A kaleidoscope of property tax opportunities - the 'Super-deduction' in full colour
Save the date - Thursday November 11 at 1:30 p.m. - when the Super-deduction will come into sharp focus at our next webinar.
Our Managing Director Alun Oliver FRICS and Property Tax Surveyor Todd Arnison hosted the live event online about this allowance introduced in early 2021 - including subsequent changes which now benefit landlords and property investors.
They gave insights into how money can be saved via the super deduction and illuminated the opportunities to capitalise on the benefits it offers.
What was covered?
Background
The Super-deduction was announced in the Budget in March 2021 and then included in the Finance Act 2021 with Royal Assent on 10 June 2021.
It gave corporation tax payers the chance to claim a 130% capital allowance on expenditure qualifying as plant and machinery in what the tax legislation references as the 'Main Pool' or 50% special rate allowance in respect to asset expenditure allocated to the 'Special Rate pool' for integral features, thermal insulation or long-life assets on new expenditure from April 1 2021 to the end of March 2023.
What changed
Initially, the allowances were not available to property investors due to a wide-ranging restriction for leasing activities, including property letting; but following sustained industry lobbying, the Government relented and has allowed qualifying expenditure in leased buildings to qualify for this accelerated allowance.
Who benefitted from attending?
It was of value to owner-occupiers, landlords & tenants, investors, chartered surveyors, accountants, solicitors, and other property professionals.
Why did people attend?
The very welcome changes for landlords and investors creates an exciting spectrum of opportunities beyond the very clear financial benefits and money to be saved.
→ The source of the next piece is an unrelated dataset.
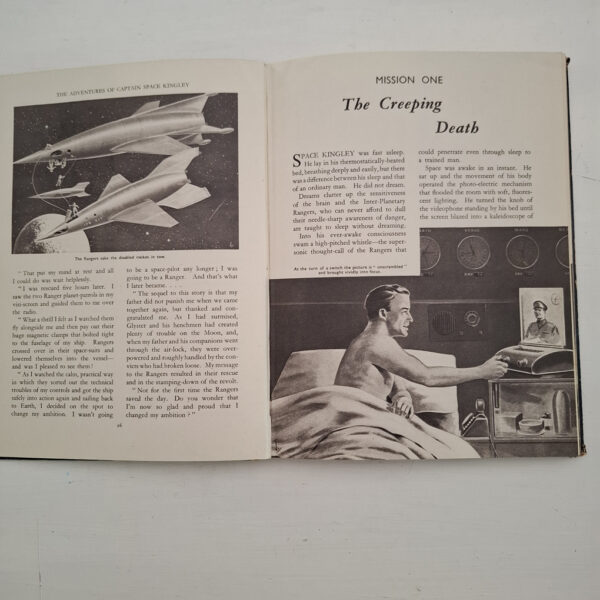 The Adventures Of Captain ‘Space’ Kingley – Ray Sonin secondhand book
It should play a role for those with expected future asset investment in cashflow forecasting and enable more flexibility in a strategic approach to investment whether that means advancing project timescales to bring schemes forward or launch concurrent or new projects.
It may allow higher specification for existing and new projects or even help to fund investment in business growth, new employees and/or training and development of staff.
The webinar provided a better understanding about the Super-deduction and wider kaleidoscope of capital allowances, as well as clarify the processes involved and qualifying criteria for claiming these useful tax savings.
There were valuable insights and case studies to give colour and illustrate best practice, compliance, project risk management, savings optimisation and cash flow enhancement.